Medical researchers have noticed that some diseases differ by SIRE (self-identified race/ethnicity) groups which differ by genomic (racial) ancestry. Hence, when genomic measures became available (last 15 years or so), they measured peoples relative proportions of ancestry in mixed populations to see if the diseases would be predictable by ancestry. They were. This establishes with high certainty that the group difference is genetic. Of course, this could be used on other traits such as cognitive ability, personality and socioeconomic outcomes (and it has for the latter, we are doing a meta-analysis).

None of this is new. However, here comes the trick. If we know that two ancestries differ for some trait, we can use this to pinpoint where on the genome the genes for this trait are. How? Consider the simple case where we have a disease trait where persons can be clearly scored as either/or (e.g. ever had prostate cancer). We gather a lot of persons with mixed ancestry, cases and controls. Then we look at difference in their ancestry at small intervals of their chromosomes. Because the trait is genetically linked to one ancestry, the cases will show more of the ancestry in some parts of their genome than the controls. These are the places to look for causal variants at. Consider the two figures from Winkler et al 2010.

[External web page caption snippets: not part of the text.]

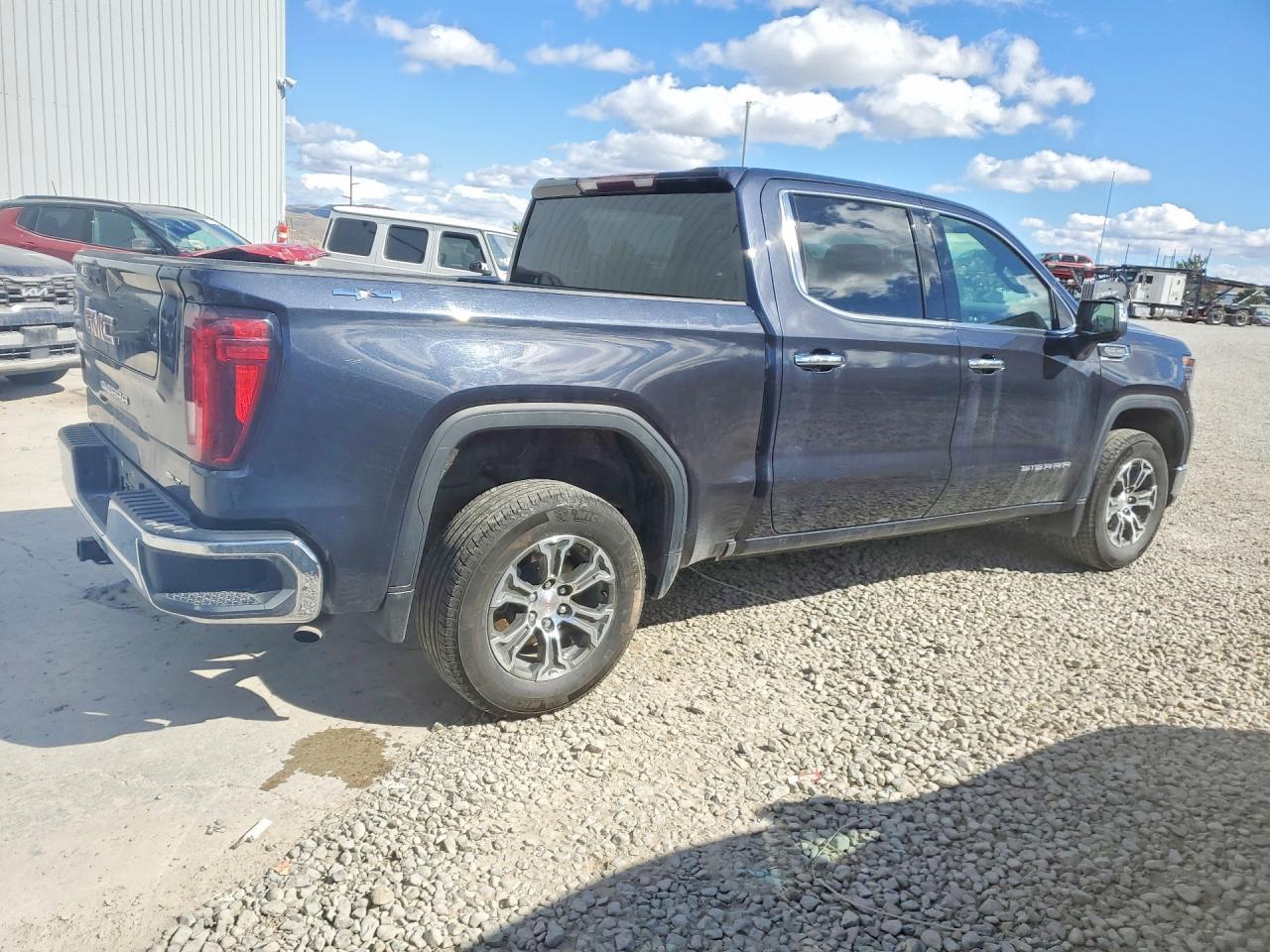 2025 GMC Sierra K1500 SLT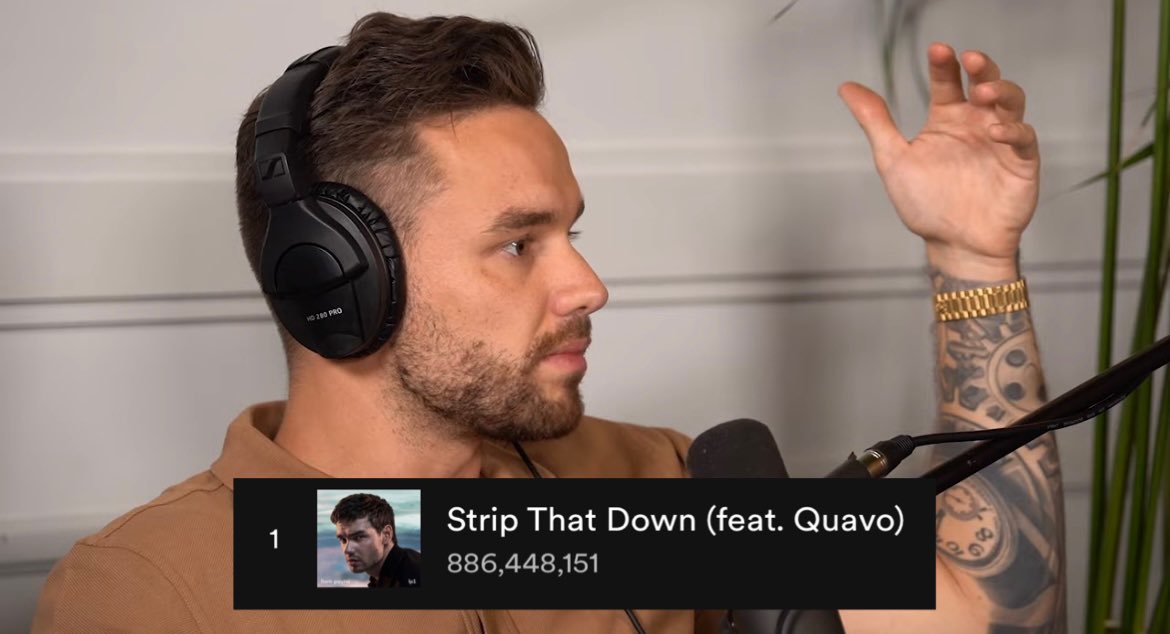 PopCrave's tweet photo. Liam Payne tells Logan Paul that his debut solo single, “Strip That Down” feat. Quavo, was the most successful debut single among One Direction members:  

“We did the first song… billion streams. I think it outsold everybody within the band, and I was the last to go.” https://t.co/Mx3wNXvJ0B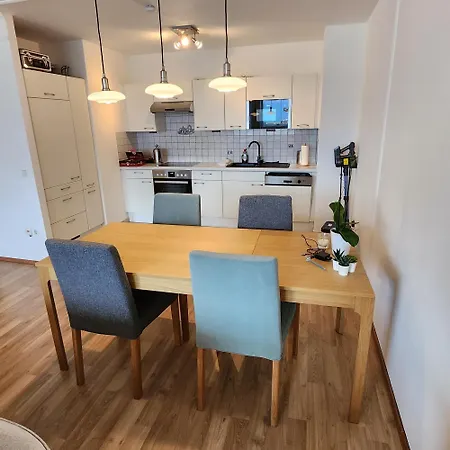Lovely For 4 On The Danube River - Private Parking Appartamento Vienna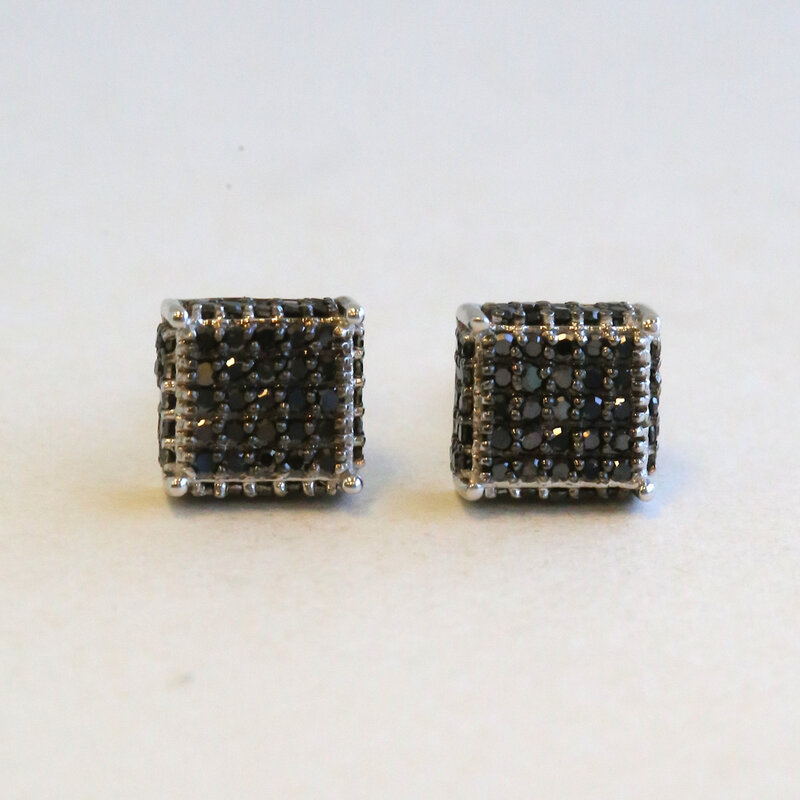 American Jewelry ESTATE 10k White Gold 1/3ctw Black Diamond Pave Stud Earrings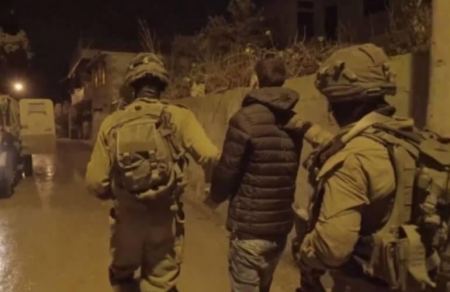 اعتقال 13 مواطناً من الضفة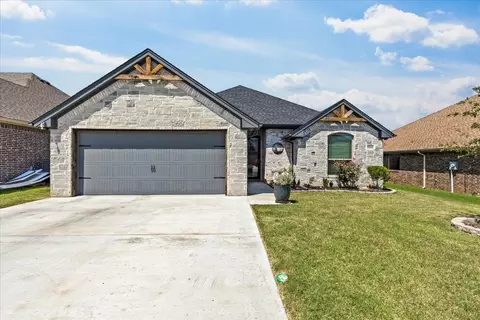 3202 White Horse Dr, Granbury, TX 76049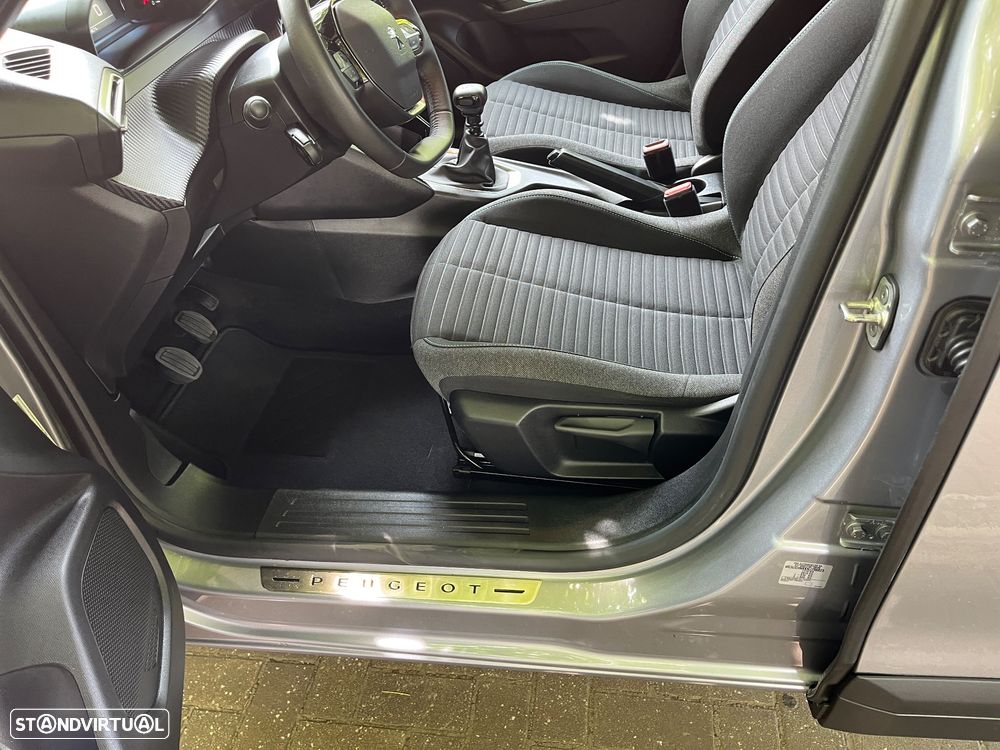Peugeot 2008 1.2 PureTech Active Pack - 8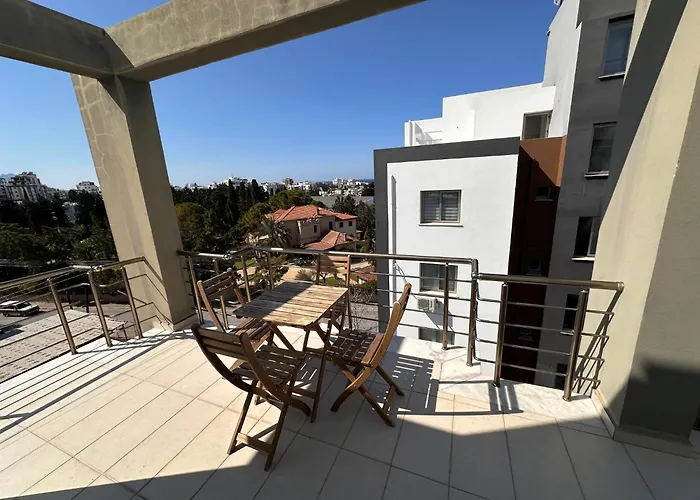 Kyrenia Center Penthouse 公寓 凯里尼亚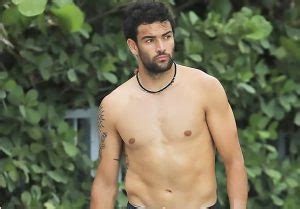 Matteo Berrettini Shows Off His Beefy Torso While Jogging Naked Male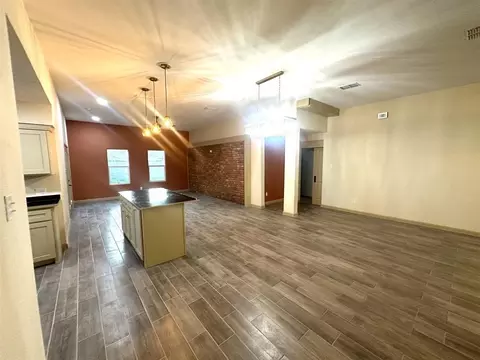 1202 Beverly Dr, Laredo, TX 78045 photo 11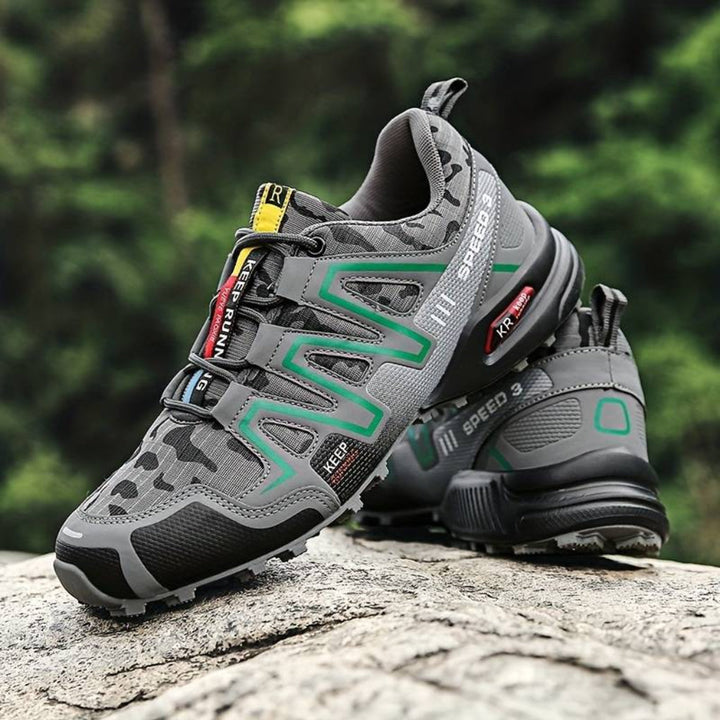 Waterproof Unisex Hiking Boots for Demanding Mountain Trails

Winkler, C. A., Nelson, G. W., & Smith, M. W. (2010). Admixture mapping comes of age. Annual review of genomics and human genetics, 11, 65-89.

admix map0

admix map1

Winkler reports that the sample sizes needed for this are much smaller than blind-within ancestry standard GWAS (as usually done on Europeans).

This method can be combined with the standard GWAS method. I envision that one ‘simply’ does this by first establishing that a trait differs for genetic reasons across two ancestries in an admixtured group (e.g. African Americans, Hispanics/Mexicans/Mestizos). Then one uses the admixture mapping to establish plausible segments of the genome where causal variants are. This may not be enough to identify specific variants, but one can then use these values as the prior probabilities for a standard GWAS. This should drastically decrease the necessary sample size to find the variants and thus accelerate the search. The faster we can find the variants, the faster we can either edit them directly with CRIPR-like methods or use the information for selection with embryo selection.

This may make it more tractable to find variants when we start doing GWAS on full genomes instead of SNP genomes. SNP genomes have 1e5 to 1e6 variants to examine, but whole genomes have about 3e12, i.e. about 1e6 times more. This means that false positives are an even larger problem. The added statistical power from admixture mapping assisted GWAS should help nicely here.

There is one significant problem with this method, but it is not a scientific one: To use it for a given trait, one must come to terms with the existence of a genetic group difference. It is not surprising that it has primarily been used on disease traits where these claims meet less resistance (because it is about helping). However, a recent mainstream study has examined height and BMI group differences in European populations, so there is some hope that times are a changin.